Julia Koschitzky served as MC, and the rally featured several prominent speakers, video messages from Israel and prayers for peace.
Kotschitzky started by referring to the tragic loss of innocent lives in Gaza, adding, “We know it cannot be avoided, because Hamas continues to use its people as human shields.”
She spoke of the “quiet heroism” of Israeli soldiers and citizens who are currently living in a “constant state of stress and pressure,” and of the comfort the Jewish community can feel knowing Israelis are being protected by the Israel Defence Forces (IDF) and the Iron Dome.
Further, she expressed a sense of gratitude at living in Canada, at “knowing we are safe and that our government’s support for Israel is unparalleled.”

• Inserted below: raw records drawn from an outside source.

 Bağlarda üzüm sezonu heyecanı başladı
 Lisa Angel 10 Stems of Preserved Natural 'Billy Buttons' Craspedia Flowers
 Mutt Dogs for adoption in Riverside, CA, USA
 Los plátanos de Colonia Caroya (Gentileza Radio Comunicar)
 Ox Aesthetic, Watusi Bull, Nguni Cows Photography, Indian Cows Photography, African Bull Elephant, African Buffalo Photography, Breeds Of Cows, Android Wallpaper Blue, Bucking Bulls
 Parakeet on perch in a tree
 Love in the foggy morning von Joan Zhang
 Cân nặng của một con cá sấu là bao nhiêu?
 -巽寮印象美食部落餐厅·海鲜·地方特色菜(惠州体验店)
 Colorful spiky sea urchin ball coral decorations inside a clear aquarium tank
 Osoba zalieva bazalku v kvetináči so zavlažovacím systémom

In his speech, Israel’s ambassador to Canada, Rafi Barak, described Israel as a liberal, democratic “island of stability” and Hamas as “part of a sea of violence raging in the Middle East.”
He said Israel, since its withdrawal from the Gaza Strip in 2005, has no territorial claims over the latter, but added that the country has “a moral duty, as a democracy, to protect its people.”

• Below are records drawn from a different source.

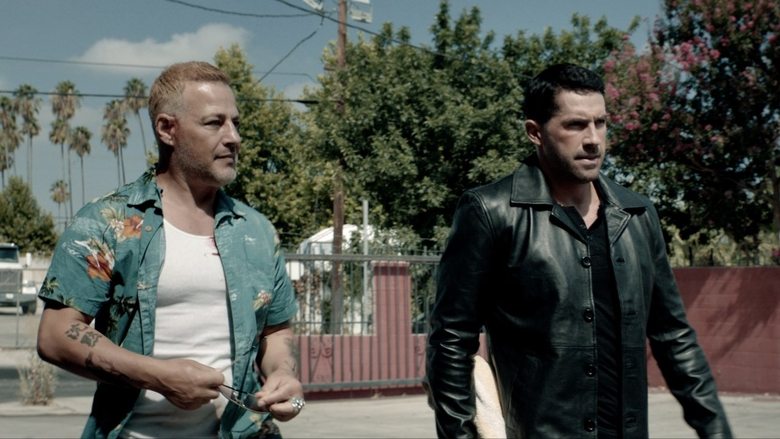 Коллекторы 2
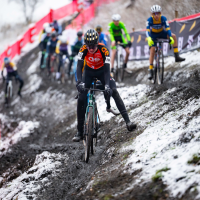 BK Cyclocross Beringen 2026 op zondag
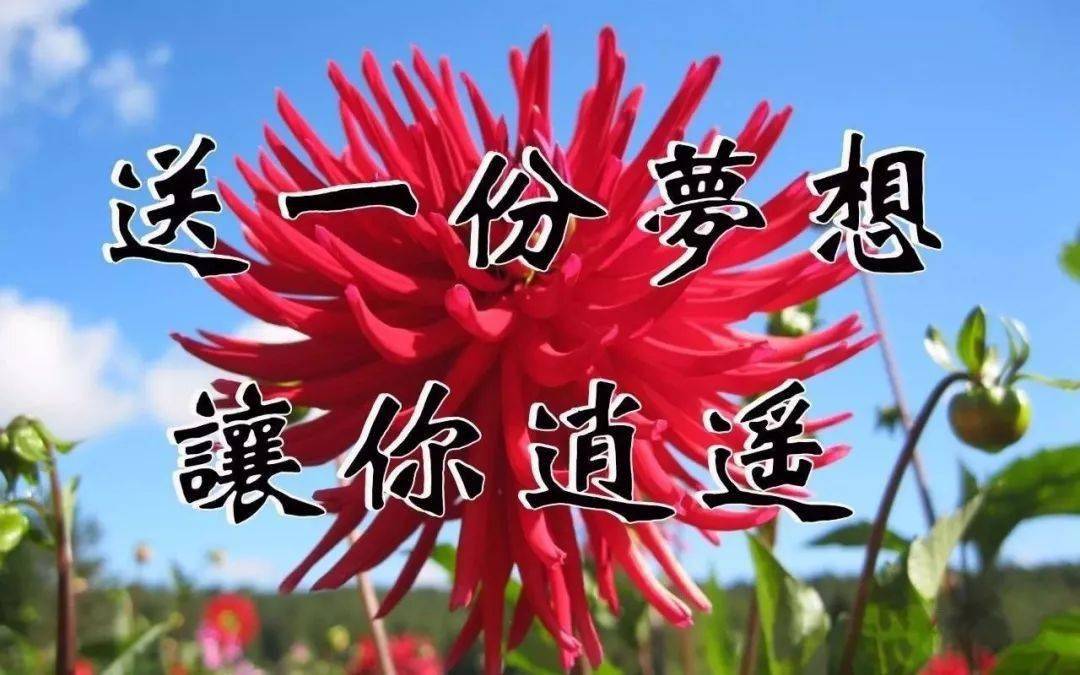 九九重阳节,愿你幸福九九,好运九九,重阳节快乐!_祝福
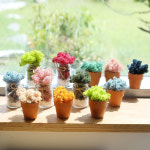 북유럽에서 자생하는 스칸디아 모스 DIY세트 토분화분 유리병 공기정화식물 : 그린테라피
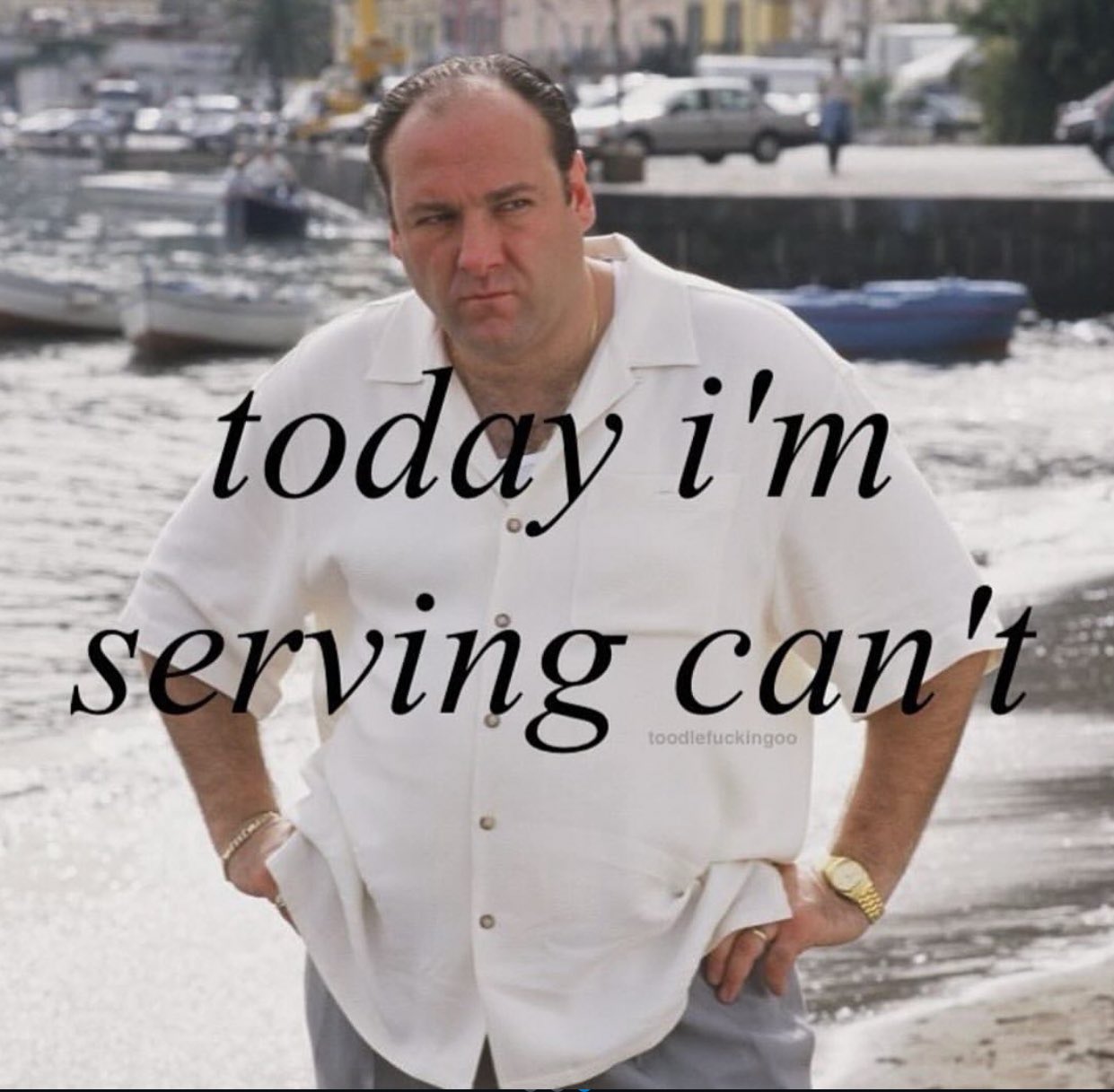 A meme featuring a medium shot of actor James Gandolfini as Tony Soprano from The Sopranos. He is standing on a beach, wearing a white short-sleeved button-down shirt and grey trousers, looking off to the side with a serious expression. In the background, there is a body of water with several small boats and a pier with cars and people. Overlaid on the image in large, black, italicized serif font is the text 'today i'm serving can't'. In small text below the main caption, there is a watermark that reads 'toodlefuckingoo'.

He thanked the Toronto Jewish community, saying, “Your prayers and contributions serve as a pillar of strength for Israel.”
Following this, Canadian Minister of Foreign Affairs John Baird and Liberal foreign affairs critic Marc Garneau, addressed the audience via Skype from a parallel Israel rally held at the Soloway Jewish Community Centre in Ottawa.

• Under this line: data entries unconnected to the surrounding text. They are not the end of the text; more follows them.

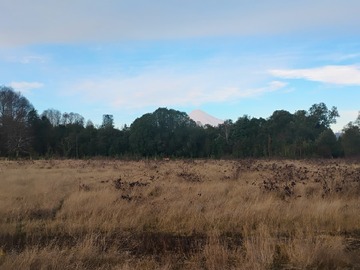 Venta / Parcela / Villarrica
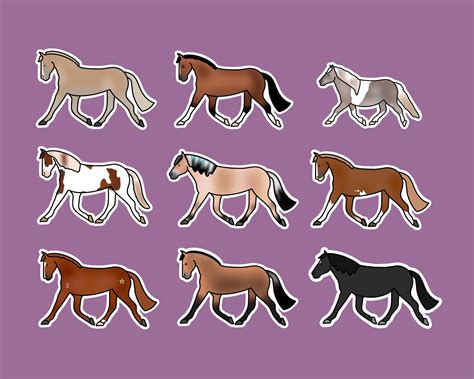 Custom Horse Sticker Best Seller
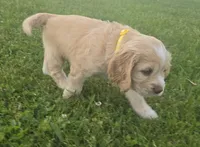 Willow's Yellow Collar, a female Cocker Spaniel for sale in Cadott, WI – 3 of 4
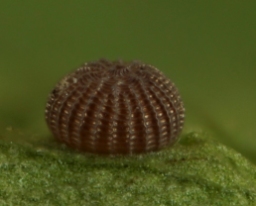 Foto af Skinnende jordfarveugle (Anchoscelis nitida) | Æg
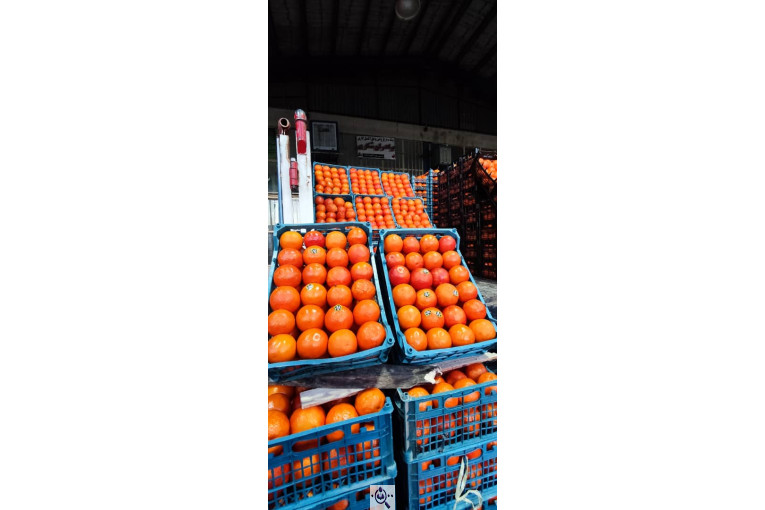 بارفروشی برادران شکری در سنندج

Garneau said Canada’s support for Israel is not partisan, but is based on principle, and that “when citizens of a country are threatened by terror, other countries must speak up.”
He stressed his belief that Hamas is a terrorist organization and that Israel has a right and a duty to protect its citizens by attempting to cut off Hamas’s rocket supply.
“To argue that [Israel] can’t target Hamas for fear of hurting innocent people is equivalent to saying it isn’t allowed to defend itself,” he emphasized.
“Those innocent people would be alive today if Hamas didn’t fire rockets.”
Garneau reiterated the Liberal party’s condemnation of Hamas’s rejection of a proposed ceasefire and its commendation of Israel for agreeing to it.
He also lamented that, shortly after the ceasefire was turned down, one Israeli and four Palestinians were killed.
“I know there are moderate Palestinians aching for peace,” he said in conclusion, affirming that the Liberal party is still in favour of a two-state solution.
John Baird, who received a crash of applause from the audiences in Toronto and Ottawa, began: “I always start my speeches by saying I’m happy to be here. I’m not happy to be here… given the tragedy of the recent days and weeks… I wish we could be here on a happier occasion.”
He said the “great struggle of our generation” is the struggle against terrorism, and “far too often, Jews and Israel are on the front lines of that struggle.”
He spoke out against comparisons between Israel and Hamas, stressing that “there’s no room for moral relativism when it comes to terrorism and the State of Israel… When I see leaders or pundits saying both sides need to stop, to de-escalate, it’s wrong. Hamas’s raison d’être is the destruction of Israel… It started this conflict and it’s the one that has to stop.”
Baird said Canada will continue to support Palestinians in the West Bank on humanitarian issues and on increasing their security capacity.
“We all want a two-state solution,” he added.
He pledged Canada’s ongoing support for Israel, and, to thunderous applause, concluded: “Friends are those who stand by you in hard times, not just in easy times.”
Beth Tzedec’s senior rabbi, Rabbi Baruch Frydman-Kohl led the crowd in the recitation of prayers for the State of Israel and for IDF soldiers.
In her closing remarks, Koschitzky encouraged the audience to make a small donation to UJA’s Israel Emergency Relief Fund.
She finished by passionately stating, “We hope and pray to God that we won’t need to have a gathering like this in future.”